One Flew Over the Cuckoo’s Nest illuminates for the reader the honor to be found in tragedy, appealing deeply to the senses. The character of McMurphy shows us that good sometimes disguises itself as a rebellious villain, that heroes can be found within even the most imperfect or unheroic figure. McMurphy had a great deal of energy for trouble, but when he was brought into the environment of the psychiatric ward, complete with its high level of manipulation and oppression, that energy suddenly shifted from being one of destruction and chaos to one of progress and change. In doing so, he managed to demonstrate the connections we all have to each other. “The seeds of the madness of Kesey’s characters are in each one of us, sublimated, dormant, but waiting disconcertingly close to the surface” (Waldmeir 420). McMurphy merely needed the right setting to put his energies to moral purpose.
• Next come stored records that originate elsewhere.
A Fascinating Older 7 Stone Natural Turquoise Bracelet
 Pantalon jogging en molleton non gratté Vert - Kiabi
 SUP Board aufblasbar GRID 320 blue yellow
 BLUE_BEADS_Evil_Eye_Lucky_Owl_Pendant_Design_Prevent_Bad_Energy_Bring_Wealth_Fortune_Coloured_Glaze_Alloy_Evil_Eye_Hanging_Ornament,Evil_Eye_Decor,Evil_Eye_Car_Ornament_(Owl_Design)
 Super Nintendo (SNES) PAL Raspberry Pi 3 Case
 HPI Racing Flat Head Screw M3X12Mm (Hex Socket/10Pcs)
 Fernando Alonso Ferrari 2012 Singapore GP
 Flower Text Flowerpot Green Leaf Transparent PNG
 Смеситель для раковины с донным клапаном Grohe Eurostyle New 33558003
The case of McMurphy as a tragic hero is made as he first demonstrates he has excessive pride in his own cleverness as he is first able to con the system into giving him a ‘soft’ sentence in the hospital instead of the prison and then is able to manipulate his way around Nurse Ratched’s strict authoritarian rules. The irony of the story exists in the fact that while McMurphy is able to prove himself honorable at the end in his defense of Billy and his attempt to stand up for the others, he is not able to enjoy the victory because he was himself destroyed by the villain he had brought down.
Works Cited
“Aristotle.” Critica Links. The University of Hawaii, (1998). Web.
Barsness, John A. “Ken Kesey: The Hero in Modern Dress.”
Benert, Annette. “The Forces of Fear: Kesey’s Anatomy of Insanity.”
Fiedler, Leslie A. “The Higher Sentimentality.”
Kesey, Ken. One Flew Over the Cuckoo’s Nest. New York: Signet, 1962.
Malin, Irving. “Ken Kesey: One Flew Over the Cuckoo’s Nest.”
Waldmeir, Joseph J. “Two Novelists of the Absurd: Heller and Kesey.”